# Suggest me a digital camera fast ... i want to purchase it in next 2 hours..so help



## arunks (Aug 25, 2007)

Which one is better

Sony cybershot w35, sony cybershot S650 or canon powershot A550?????????????????




Plz tell me fast ...i wanna purchase it in next 2 hours...


----------



## Ganeshkumar (Aug 25, 2007)

I saw a model Sony T100... I like it overall.... plus it has zoom function during movie mode tooo...

Have a look at  that b4 buying.. I think it arnd 16K a few months back.... And wat is ur Budget?


----------



## arunks (Aug 25, 2007)

hey i have bought today SOny cybershot W80...

is this good option bought by me...??

what is its current price in market according to u...

i Have got 1GB card and 3 year warranty...

i have bought it at Rs.15000 including taxes and also including sony carry case for camera..
is this good deal or not???/

hey also tell me when i will make movie or video through my w80 then audio will be also there or not?????/

i mean without audio there is nothing good in video

so plz telll me fast


----------



## blueshift (Aug 25, 2007)

Yes ofcourse u 'll have audio too.


----------



## dOm1naTOr (Aug 25, 2007)

as uve already bought it, why dun u check it yourself?
Also pls post some nice pics?.


----------



## arunks (Aug 25, 2007)

thank you..actually i have just come home and before using it in my hand I logged in here in this forum as I like this forum very much..

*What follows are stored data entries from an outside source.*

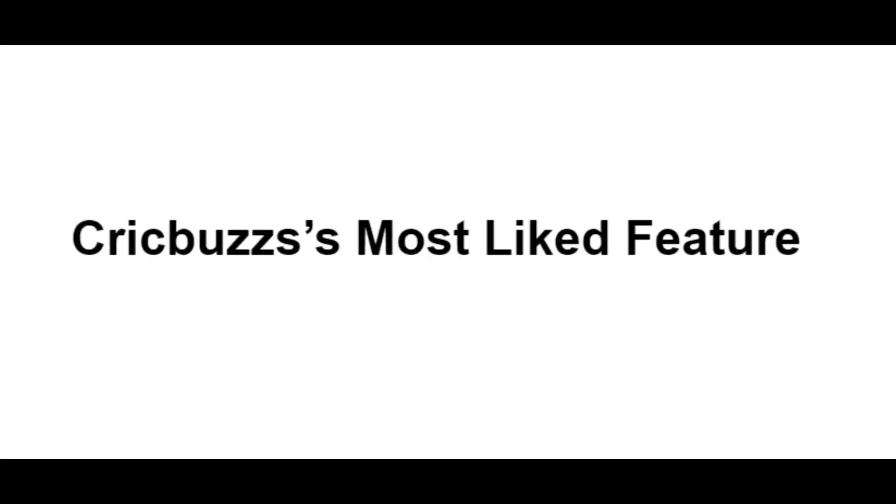After the introduction part, he asked me about the CrickBuzz application and features. He asked me about the best feature I liked in the CrickBuzz Android application.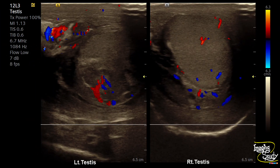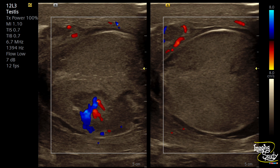The necrosed areas with increased peritesticular flow go in favor of late sub-acute variety of testicular torsion. The right testis shows regular normal vascularity, and with the same settings you can see increased flow within the spermatic cord and prominent flow within the necrosed area. The peripheral prominent vascularity and increased vascularity within the necrosed area are noted, but there is no flow within the rest of the testicular parenchyma. This necrosed area is getting supply from collateral vessels.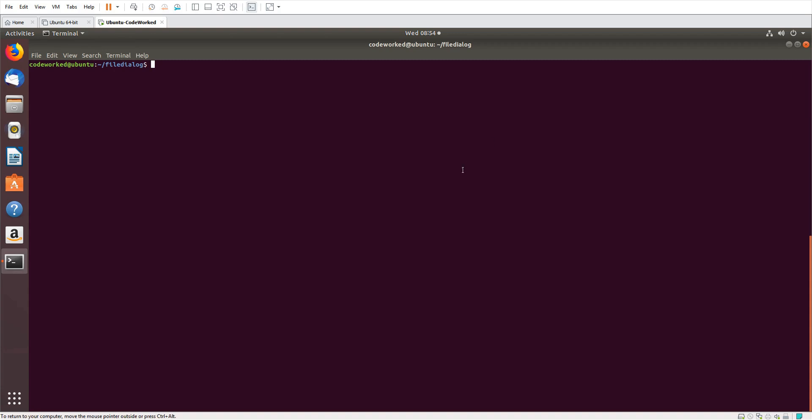Hello guys, how are you? I hope you all are good and safe. In this video I'm going to show you how we can use file dialog GUI to save a file and open a new file. You usually see that file dialog in almost all software where we open or save files, any project, any file. Before starting, please like and share my video, subscribe to my channel, and don't forget to press the bell icon.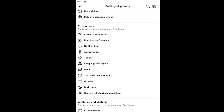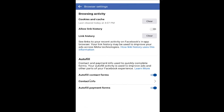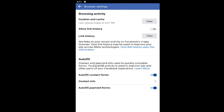Underneath preferences, select the browser button and then autofill contact and payment info used to quickly complete forms. Your autofill activity is used to improve ads and other parts of your Facebook experience. So if you want to just turn this off altogether, you can go ahead and toggle the autofill payment forms and autofill contact forms off.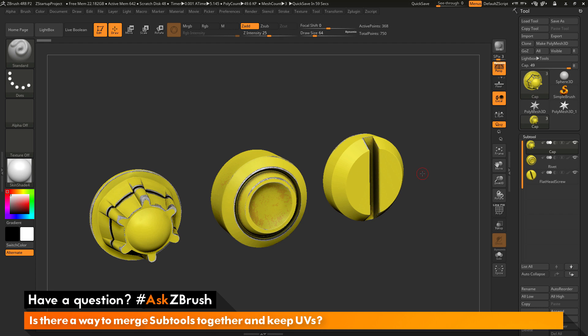This is Joseph Drust and welcome back to another episode of Ask ZBrush. We had a question sent in asking, is there a way to merge subtools together and keep UVs?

But guys U havnt told me anything about price... plz tell me is this a good deal or not..what is its price in other cities


----------



## dOm1naTOr (Aug 25, 2007)

Same was the case bout me when i bought both of my PCs.
btw i dunno the price of dat cam.


----------



## Sylar (Aug 25, 2007)

*Re: Suggest me a digital camera fast ... i want to purchase it in next 2 hours..so he*

was there any particular reason for the hurry in buying the camera??  You could have waited for more suggestions to consider in this thread..

Well there were the Canon A570 IS & A710 IS both 7 megapixels and arnd the 15-16k mark.. Also the A570 IS has a 4x optical zoom n the A710 has a 6x optical and from my experience i've found that optical Image Stabilization of Canon is better than Sony's, though how much u notice it depends on ur usage..

Anyway congrats on ur purchase..

Btw Sony W80 is arnd 14.5k @ jjmehta along with a 1GB card... *www.jjmehta.com/pricelist/sony_handycam_pricing.htm


----------